Take the line with "쌍촌동 플레이스 광고 대행 자리잡기까지 필요한 시간과 과정" as the first and the last line of the data as the end. Write out both and every line between exactly, except pictures.

Information provided ->
○ ○ ○ ○
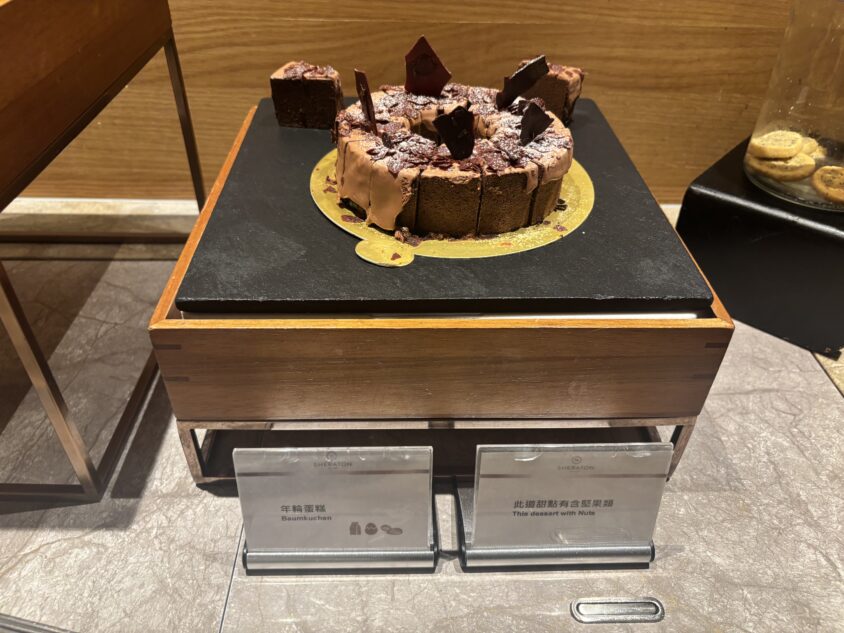 シェラトングランデ台北 宿泊記写真 IMG_4217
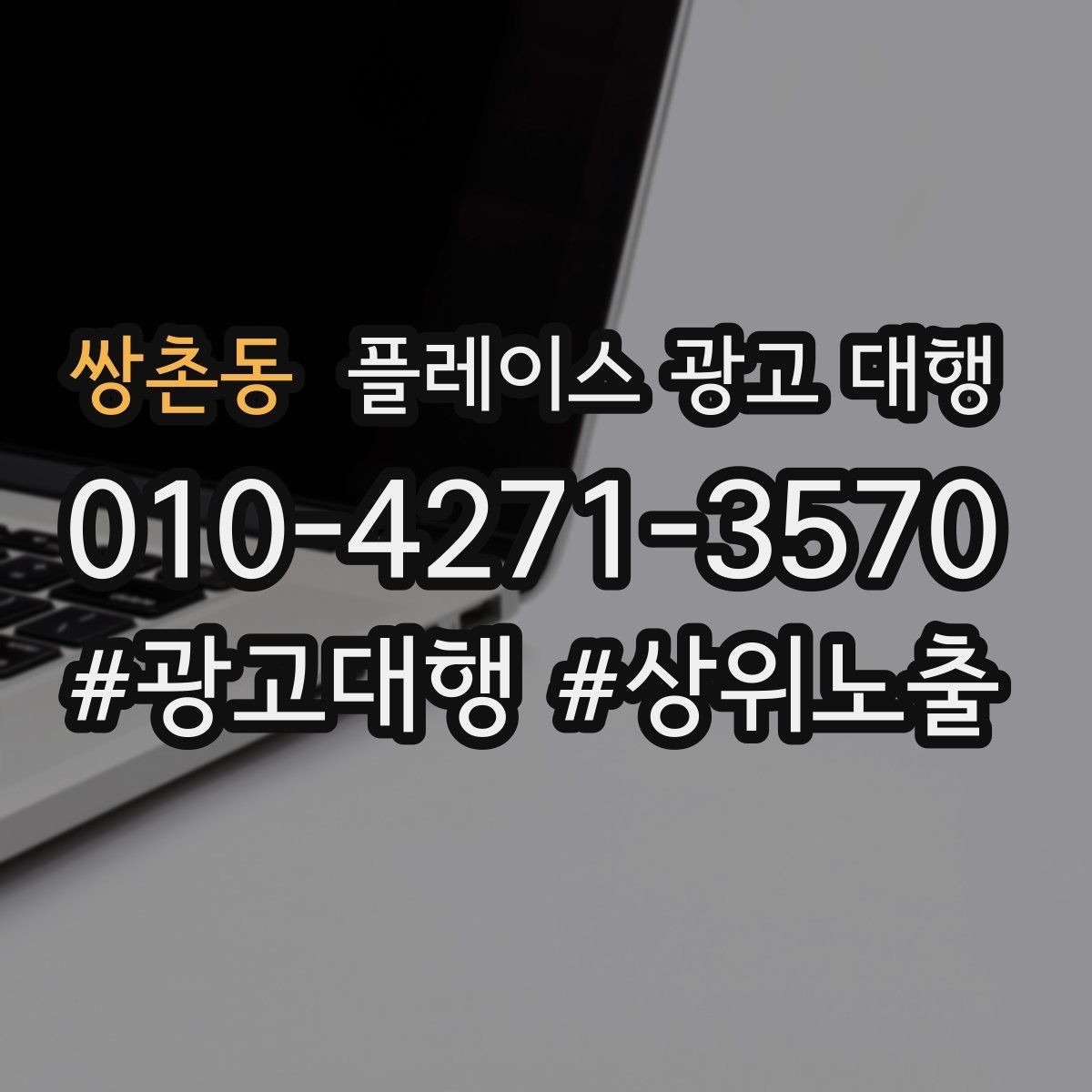 쌍촌동 플레이스 광고 대행 자리잡기까지 필요한 시간과 과정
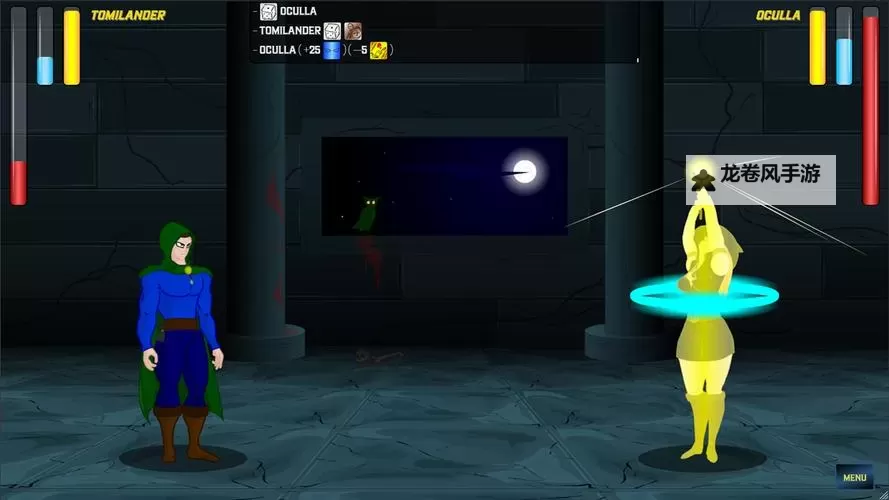 这两个球球一直摇晃个不停：奇幻的摇晃之旅图2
○ ○ ○ ○
Written response ->
 쌍촌동 플레이스 광고 대행 자리잡기까지 필요한 시간과 과정
 这两个球球一直摇晃个不停：奇幻的摇晃之旅图2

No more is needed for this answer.